■ **DATASET EXCERPTS**:
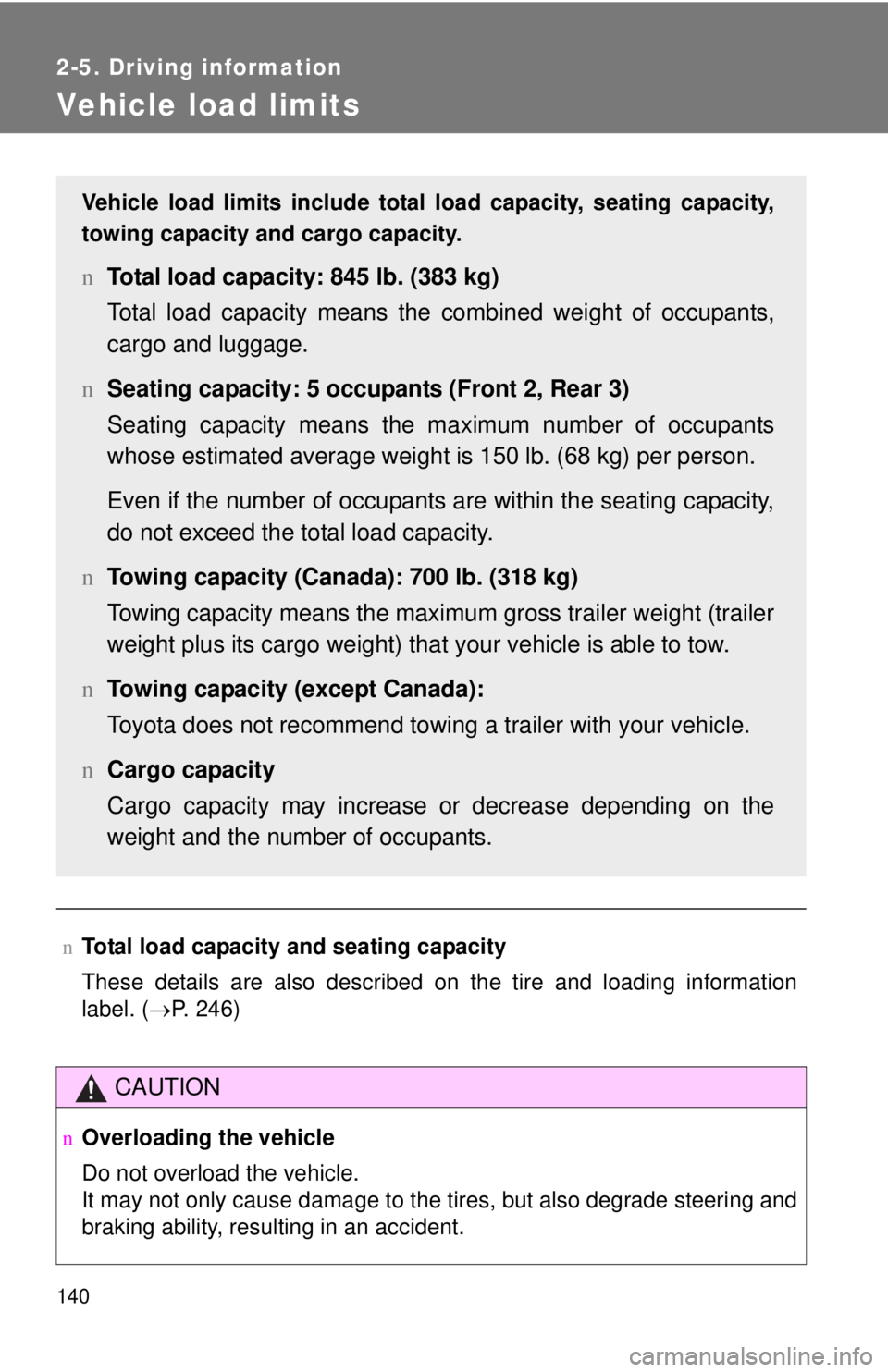 TOYOTA YARIS SEDAN 2008 Owners Manual 140
2-5. Driving information
Vehicle load limits
nTotal load capacity and seating capacity
These details are also described on the tire and loading information
label. (→P. 246)
CAUTION
nOverloading TOYOTA YARIS SEDAN 2008 Owners Manual 140
2-5. Driving information
Vehicle load limits
nTotal load capacity and seating capacity
These details are also described on the tire and loading information
label. (→P. 246)
CAUTION
nOverloading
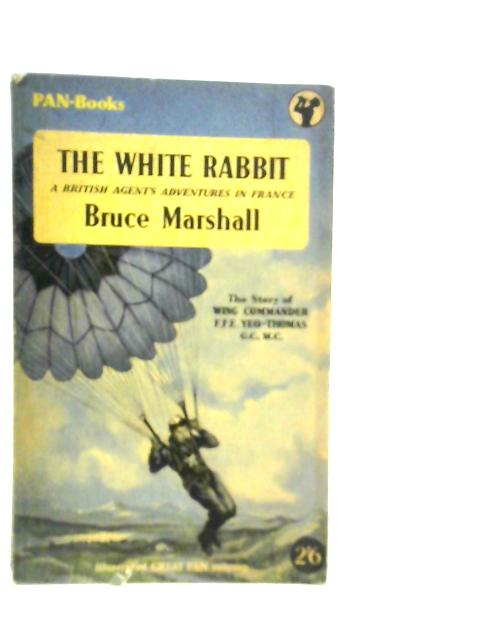 The White Rabbit By Bruce Marshall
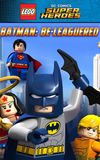 LEGO DC Comics Super Heroes: Batman Be-Leaguered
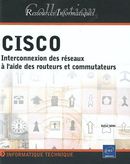 CISCO Interconnexion des réseaux à l'aide des routeurs et...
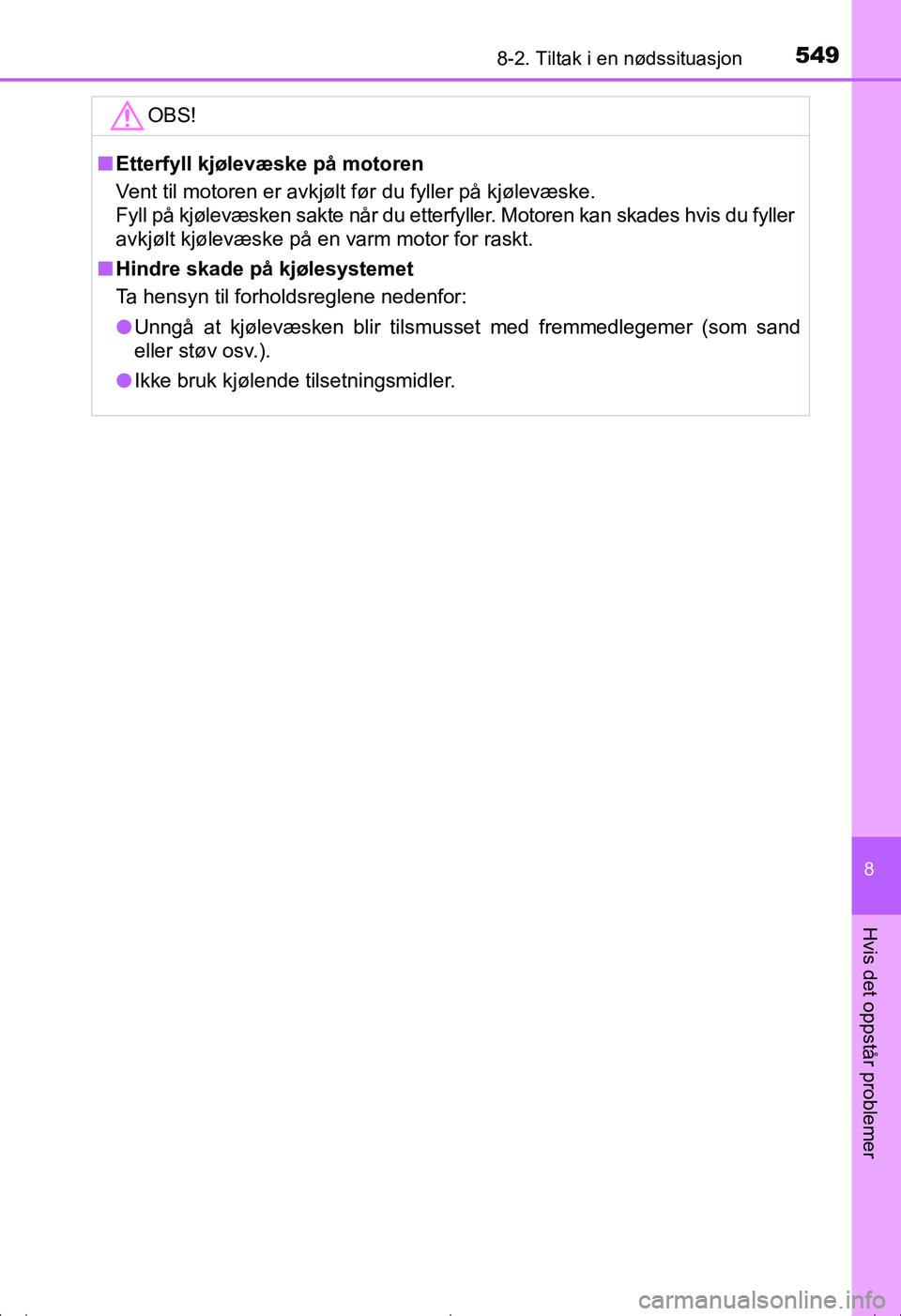 TOYOTA AVENSIS 2016  Instruksjoner for bruk (in Norwegian) 5498-2. Tiltak i en nødssituasjon
OM20C20NO
8
Hvis det oppstår problemer
OBS!
nEtterfyll kjølevæske på motoren
Vent til motoren er avkjølt før du fyller på kjølevæske.
Fyll på kjølevæsken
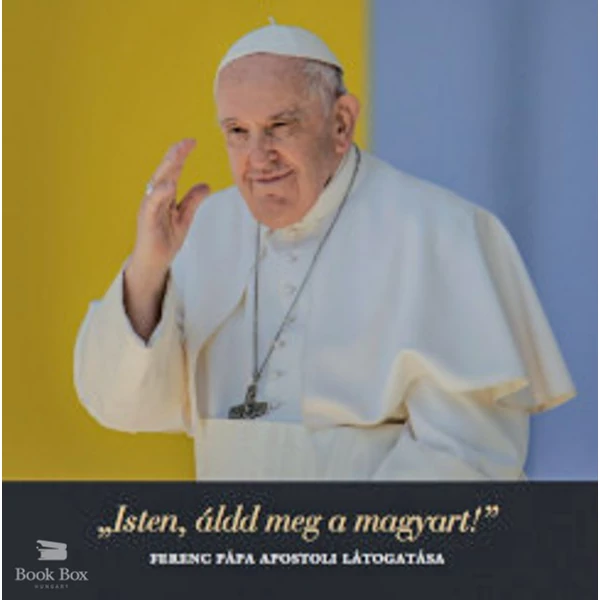 Isten, áldd meg a magyart!- Ferenc pápa apostoli látogatása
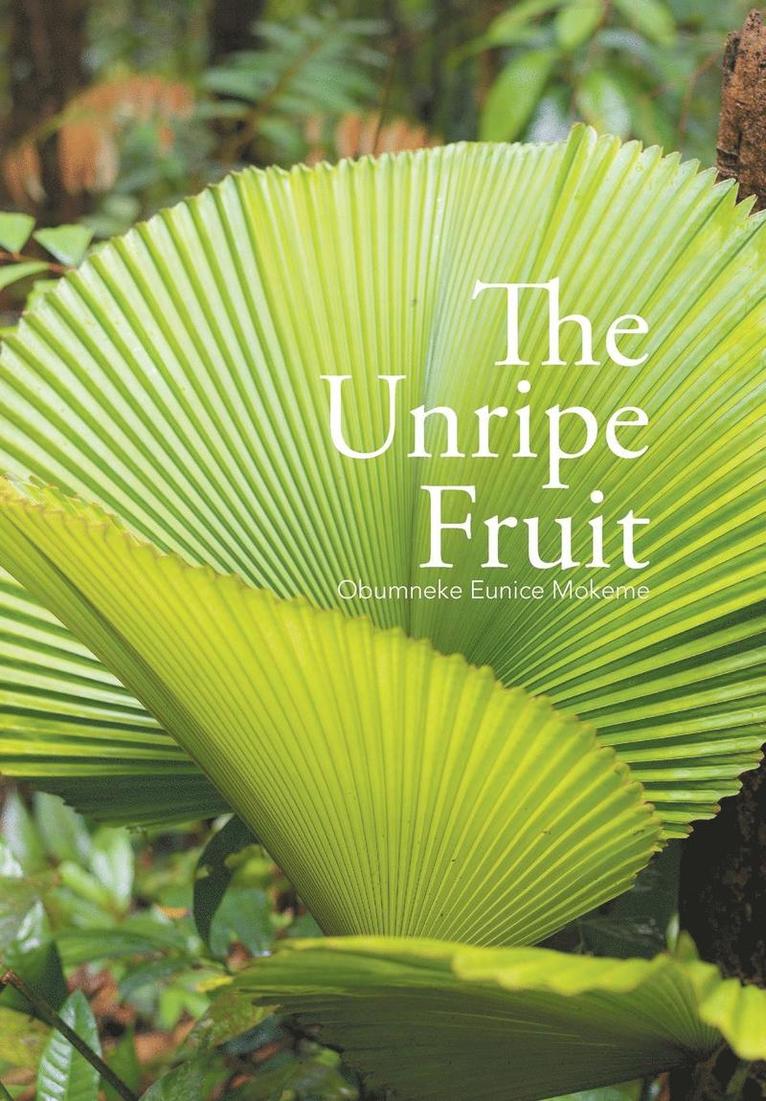 The Unripe Fruit 1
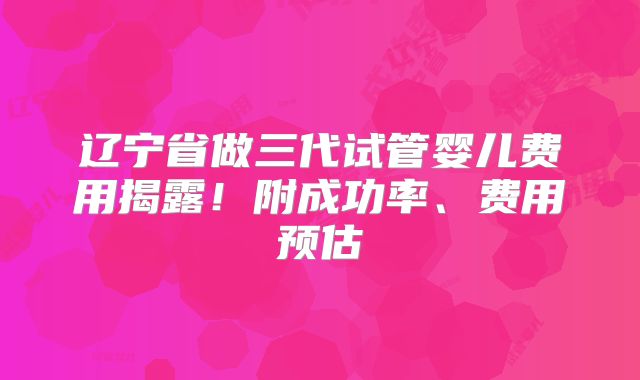 辽宁省做三代试管婴儿费用揭露！附成功率、费用预估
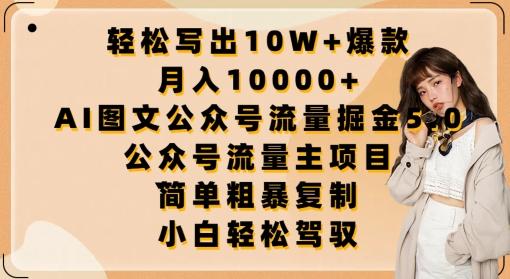 轻松写出10W+爆款，月入10000+，AI图文公众号流量掘金5.0.公众号流量主项目【揭秘】-搞个副业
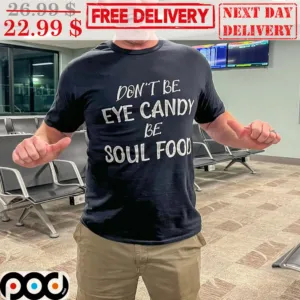 Don't Be Eye Candy Be Soul Food Shirt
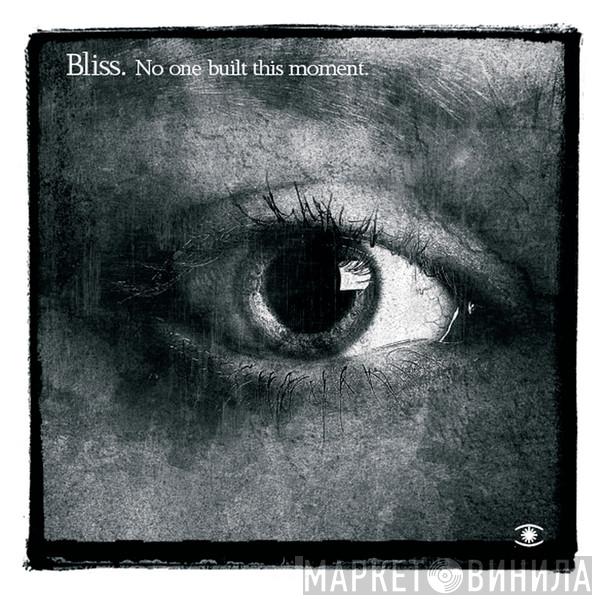  Bliss  - No One Built This Moment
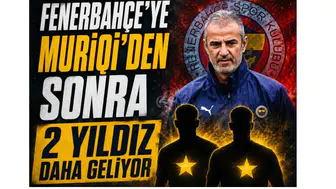 Fenerbahçe'ye Muriqi'den sonra 2 yıldız daha geliyor!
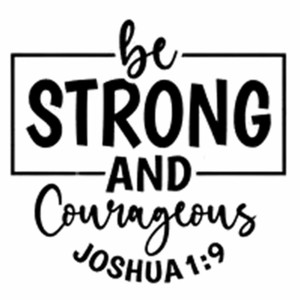 (2 Qty) Be Strong And - DTF transfer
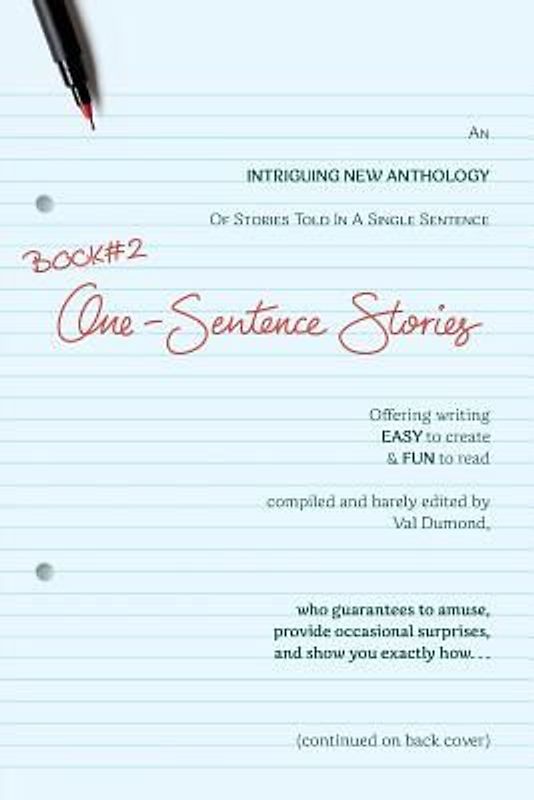 BOOK#2 One-Sentence Stories: Intriguing New Anthology of Stories Told in a Single Sentence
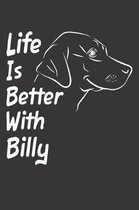 Life Is Better With Billy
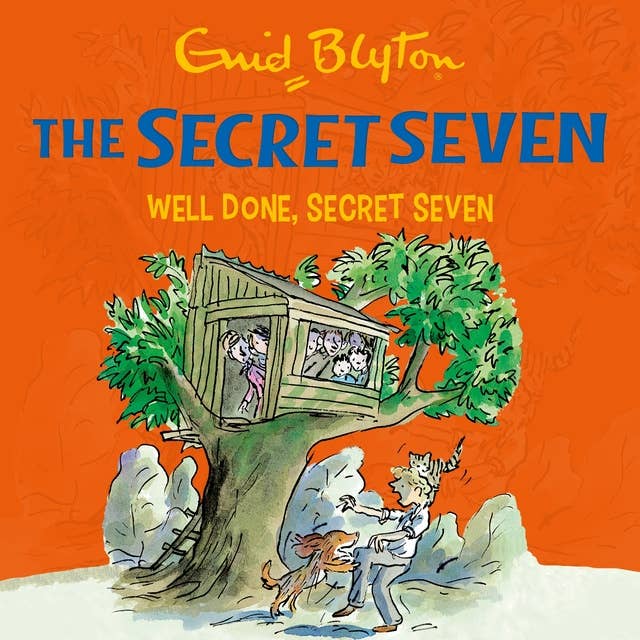 Well Done, Secret Seven: Book 3
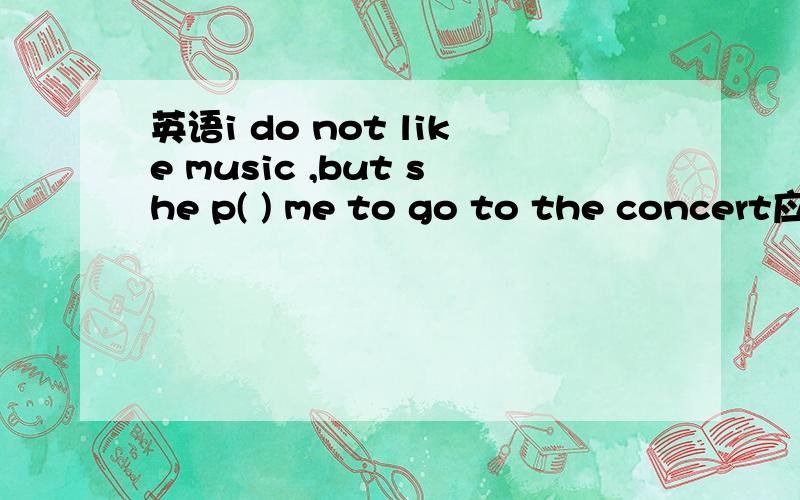 英语i do not like music ,but she p( ) me to go to the concert应该填什么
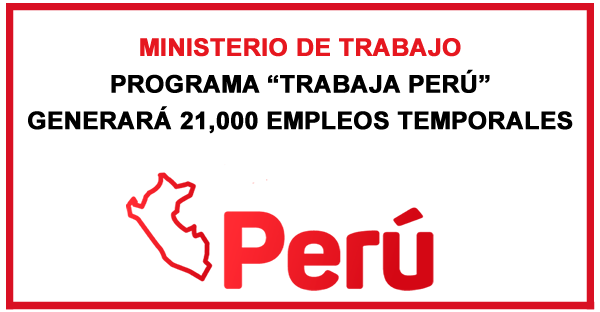 MINISTERIO DE TRABAJO: El Programa Trabaja Perú Generara 21,000 Empleos Temporales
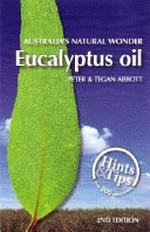Eucalyptus oil : Australia's natural wonder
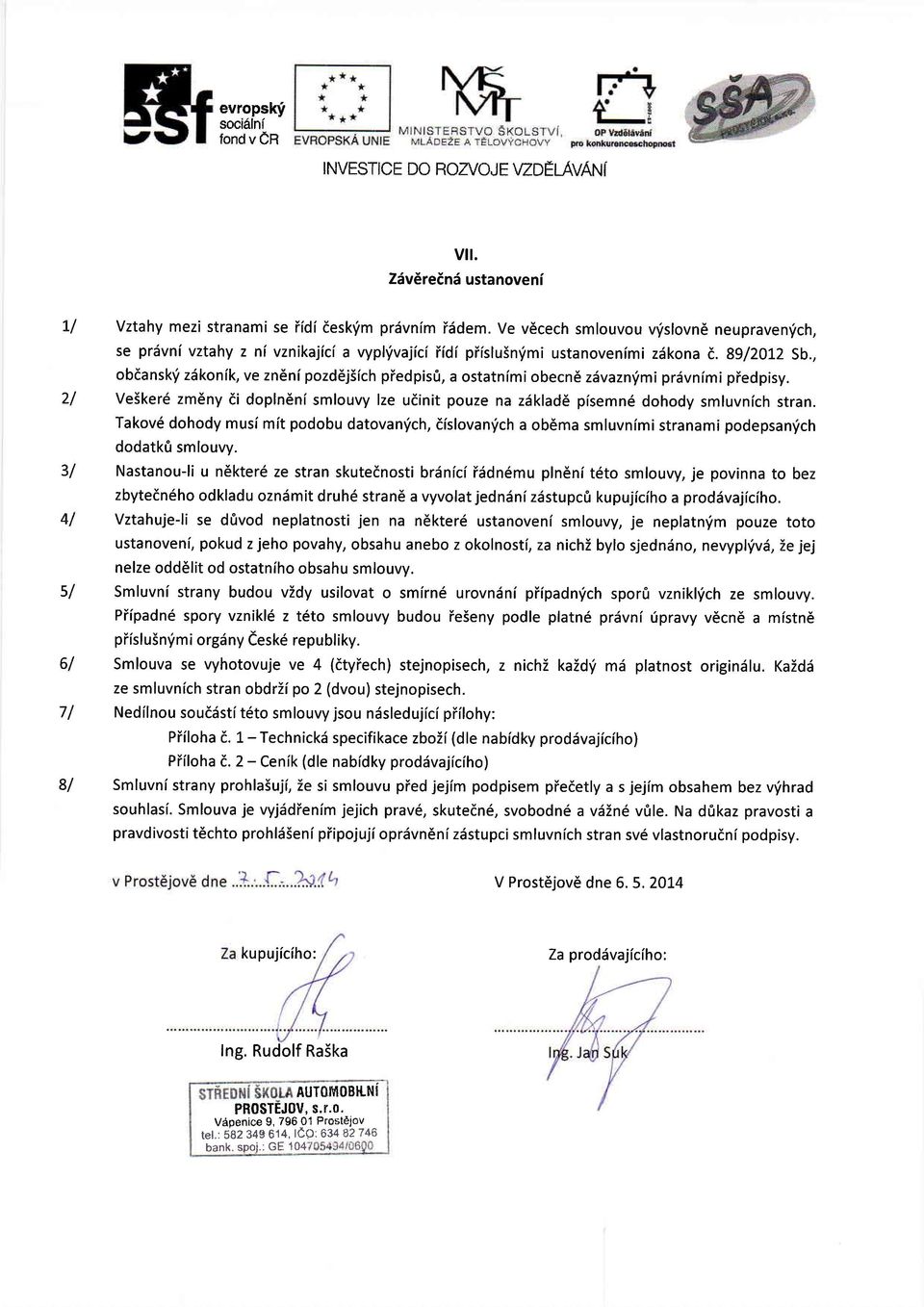 , bdansk'i zdknik, ve zn6ni pzddjsich piedpis0, a statnimibecnd z vazn(1mi prdvnimi piedpisy. Ve5ker6 zm6ny di dpln6ni smluvy lze udinit puze na zdklad6 pisemn6 dhdy smluvnich stran.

■ **TASK ITEM**: Give the listing above again word for word, without its pictures.

■ **FINISHED TASK**:
 TOYOTA YARIS SEDAN 2008 Owners Manual 140
2-5. Driving information
Vehicle load limits
nTotal load capacity and seating capacity
These details are also described on the tire and loading information
label. (→P. 246)
CAUTION
nOverloading TOYOTA YARIS SEDAN 2008 Owners Manual 140
2-5. Driving information
Vehicle load limits
nTotal load capacity and seating capacity
These details are also described on the tire and loading information
label. (→P. 246)
CAUTION
nOverloading
 The White Rabbit By Bruce Marshall
 LEGO DC Comics Super Heroes: Batman Be-Leaguered
 CISCO Interconnexion des réseaux à l'aide des routeurs et...
 TOYOTA AVENSIS 2016  Instruksjoner for bruk (in Norwegian) 5498-2. Tiltak i en nødssituasjon
OM20C20NO
8
Hvis det oppstår problemer
OBS!
nEtterfyll kjølevæske på motoren
Vent til motoren er avkjølt før du fyller på kjølevæske.
Fyll på kjølevæsken
 Isten, áldd meg a magyart!- Ferenc pápa apostoli látogatása
 The Unripe Fruit 1
 辽宁省做三代试管婴儿费用揭露！附成功率、费用预估
 轻松写出10W+爆款，月入10000+，AI图文公众号流量掘金5.0.公众号流量主项目【揭秘】-搞个副业
 Don't Be Eye Candy Be Soul Food Shirt
  Bliss  - No One Built This Moment
 Fenerbahçe'ye Muriqi'den sonra 2 yıldız daha geliyor!
 (2 Qty) Be Strong And - DTF transfer
 BOOK#2 One-Sentence Stories: Intriguing New Anthology of Stories Told in a Single Sentence
 Life Is Better With Billy
 Well Done, Secret Seven: Book 3
 英语i do not like music ,but she p( ) me to go to the concert应该填什么
 MINISTERIO DE TRABAJO: El Programa Trabaja Perú Generara 21,000 Empleos Temporales
Eucalyptus oil : Australia's natural wonder
 , bdansk'i zdknik, ve zn6ni pzddjsich piedpis0, a statnimibecnd z vazn(1mi prdvnimi piedpisy. Ve5ker6 zm6ny di dpln6ni smluvy lze udinit puze na zdklad6 pisemn6 dhdy smluvnich stran.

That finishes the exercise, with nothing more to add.